▶ _SOURCE DATA_:
- - - - -

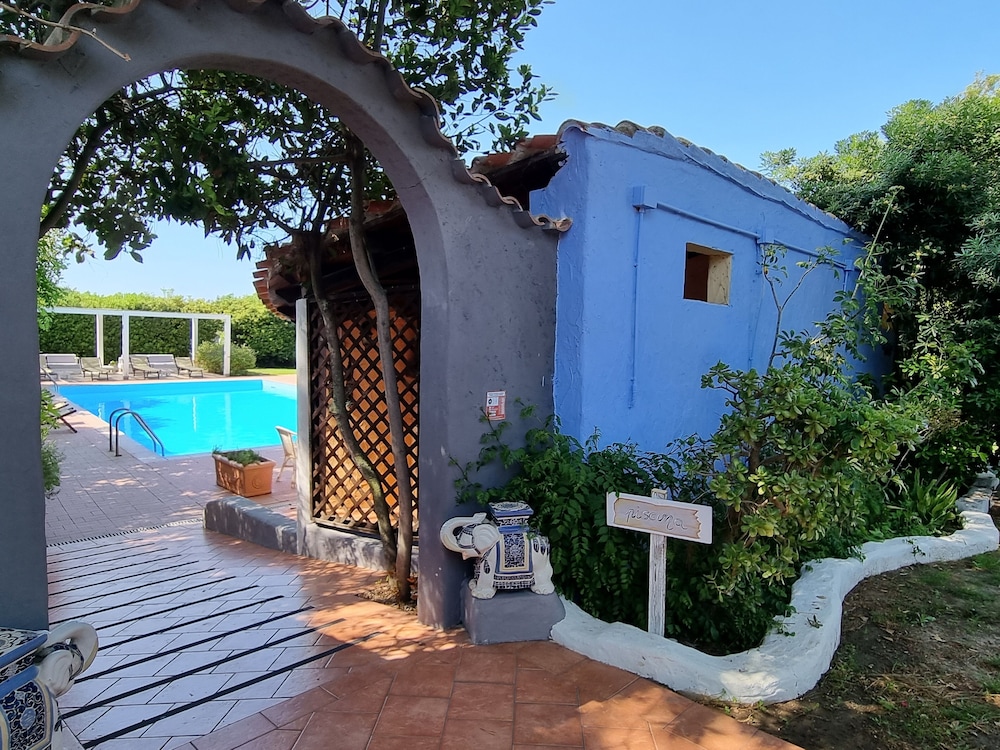 IS BENAS COUNTRY LODGE 63/63
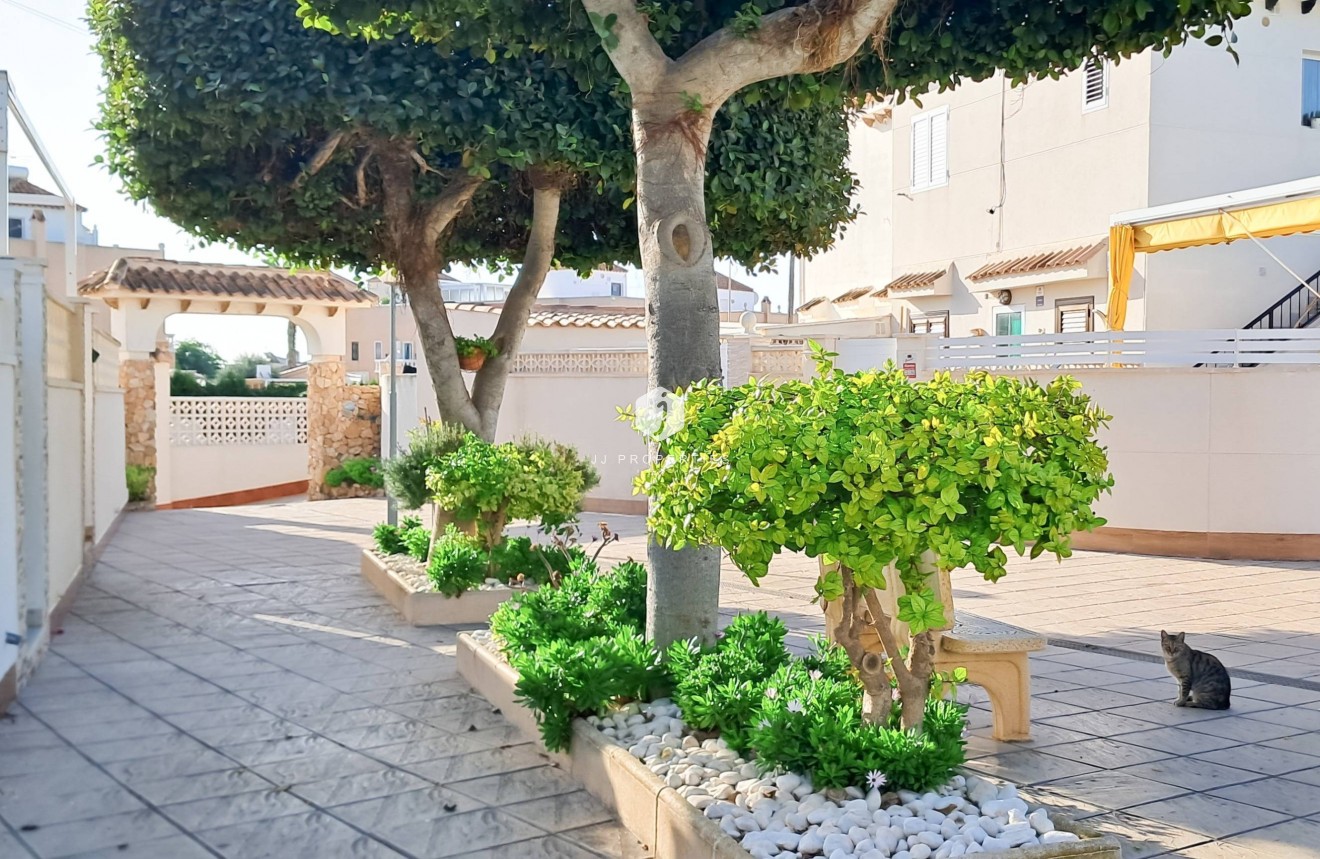 Resale - Apartment / flat -
Torrevieja - Aguas Nuevas 2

- - - - -

▶ _ACTION ITEM_:
The whole listing above, line by line, needs to be copied exactly, except for any images.

▶ _RESPONSE AREA_:
 IS BENAS COUNTRY LODGE 63/63
 Resale - Apartment / flat -
Torrevieja - Aguas Nuevas 2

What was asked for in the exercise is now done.